START Exercise material
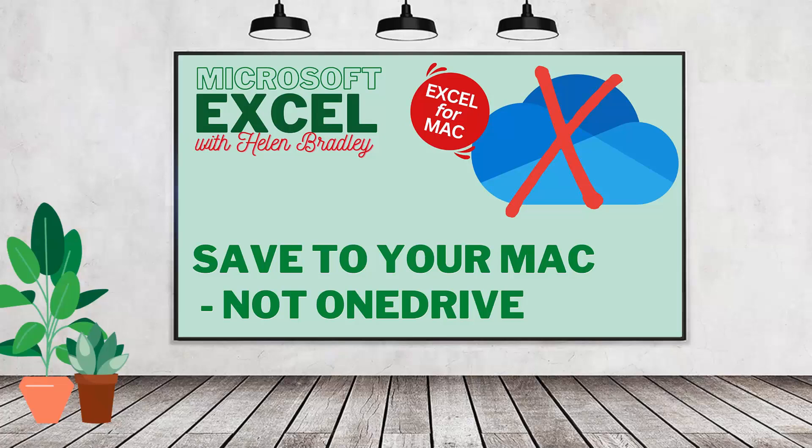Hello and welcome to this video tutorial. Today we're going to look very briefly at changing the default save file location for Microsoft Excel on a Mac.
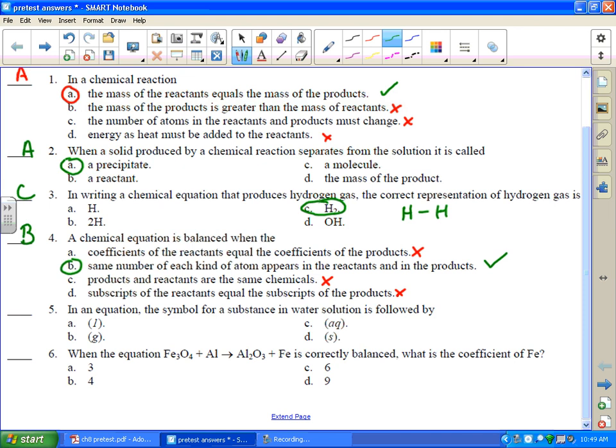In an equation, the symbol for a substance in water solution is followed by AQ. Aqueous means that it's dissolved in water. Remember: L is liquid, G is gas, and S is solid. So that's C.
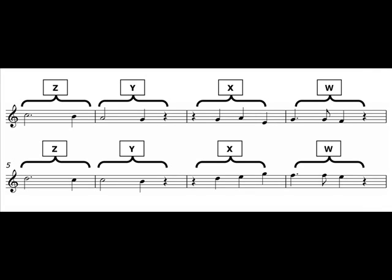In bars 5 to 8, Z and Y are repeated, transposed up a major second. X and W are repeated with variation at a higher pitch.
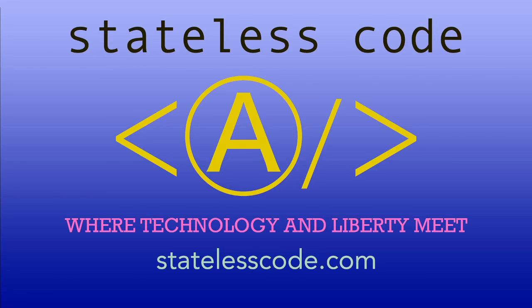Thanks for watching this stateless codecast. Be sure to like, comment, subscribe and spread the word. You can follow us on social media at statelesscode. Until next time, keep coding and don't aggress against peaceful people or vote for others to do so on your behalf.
END Exercise material
START Exercise material
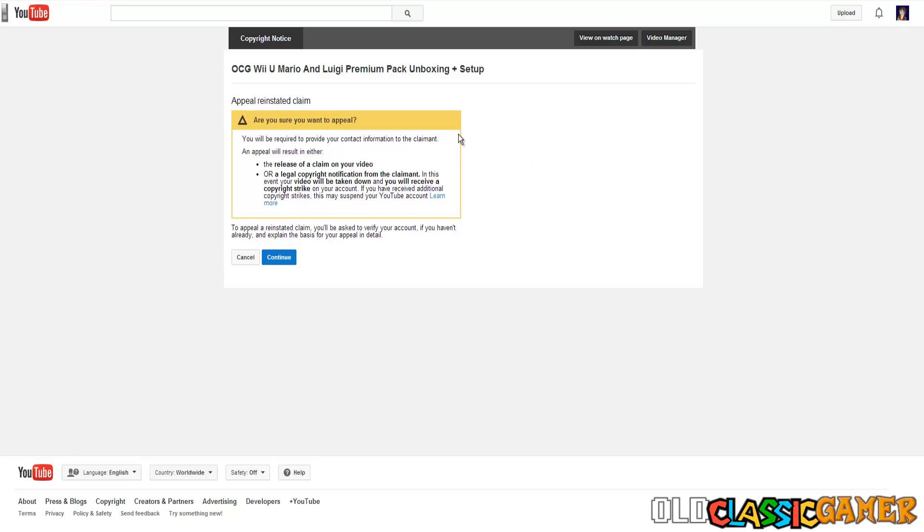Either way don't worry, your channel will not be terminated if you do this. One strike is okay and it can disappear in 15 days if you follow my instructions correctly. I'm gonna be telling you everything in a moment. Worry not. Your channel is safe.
END Exercise material
START Exercise material
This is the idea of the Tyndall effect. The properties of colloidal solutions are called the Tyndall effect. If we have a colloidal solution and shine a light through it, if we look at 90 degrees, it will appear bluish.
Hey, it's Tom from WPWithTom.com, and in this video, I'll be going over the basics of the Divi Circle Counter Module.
END Exercise material
▶ Work required: Reproduce exactly the entries above, limited to the lines from the one with "This is the" through the one with "Hey, it's Tom", both included.

▶ Task result:
This is the idea of the Tyndall effect. The properties of colloidal solutions are called the Tyndall effect. If we have a colloidal solution and shine a light through it, if we look at 90 degrees, it will appear bluish.
Hey, it's Tom from WPWithTom.com, and in this video, I'll be going over the basics of the Divi Circle Counter Module.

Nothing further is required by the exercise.